Required work>
The expected answer is a verbatim transcription of the lines below, beginning with the first and ending with the line that holds "Top view photo", without pictures.

Records from a dataset
::::::::::
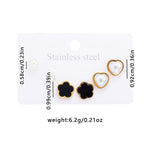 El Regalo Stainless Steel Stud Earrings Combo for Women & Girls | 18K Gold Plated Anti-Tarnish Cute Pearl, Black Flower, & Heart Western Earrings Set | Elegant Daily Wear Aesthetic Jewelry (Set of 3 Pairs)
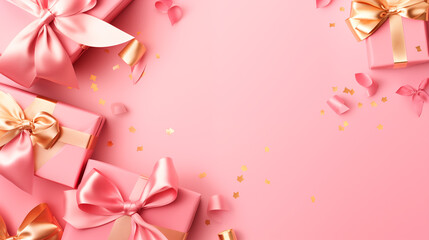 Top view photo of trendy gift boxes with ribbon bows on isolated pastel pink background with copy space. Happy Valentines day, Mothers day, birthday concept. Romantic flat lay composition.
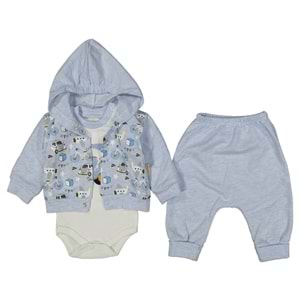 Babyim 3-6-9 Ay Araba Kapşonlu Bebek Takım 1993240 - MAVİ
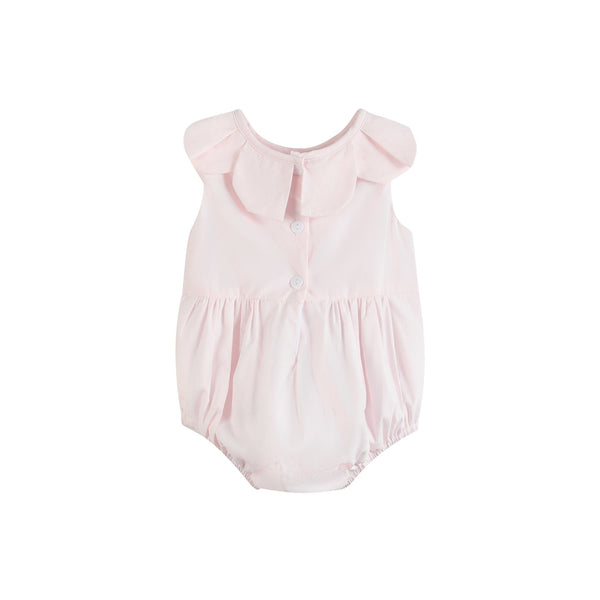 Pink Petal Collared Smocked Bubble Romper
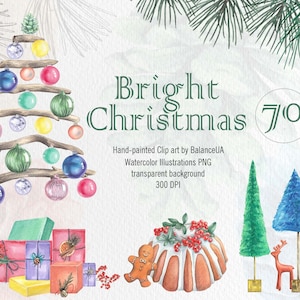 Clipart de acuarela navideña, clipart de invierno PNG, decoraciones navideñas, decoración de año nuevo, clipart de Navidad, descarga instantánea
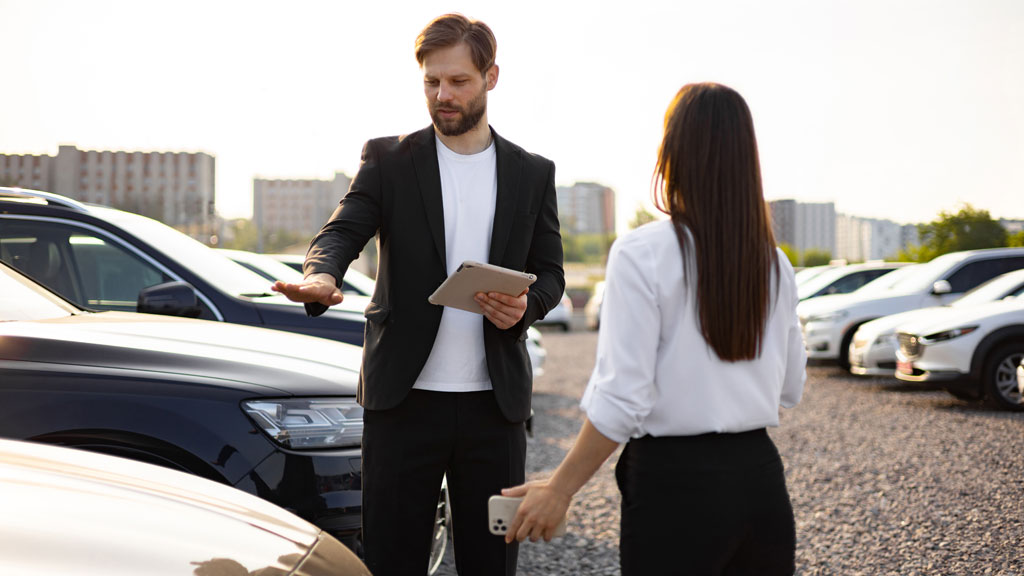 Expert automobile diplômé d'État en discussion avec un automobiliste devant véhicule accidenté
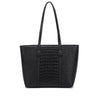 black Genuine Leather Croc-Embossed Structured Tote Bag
::::::::::
Response box>
 El Regalo Stainless Steel Stud Earrings Combo for Women & Girls | 18K Gold Plated Anti-Tarnish Cute Pearl, Black Flower, & Heart Western Earrings Set | Elegant Daily Wear Aesthetic Jewelry (Set of 3 Pairs)
 Top view photo of trendy gift boxes with ribbon bows on isolated pastel pink background with copy space. Happy Valentines day, Mothers day, birthday concept. Romantic flat lay composition.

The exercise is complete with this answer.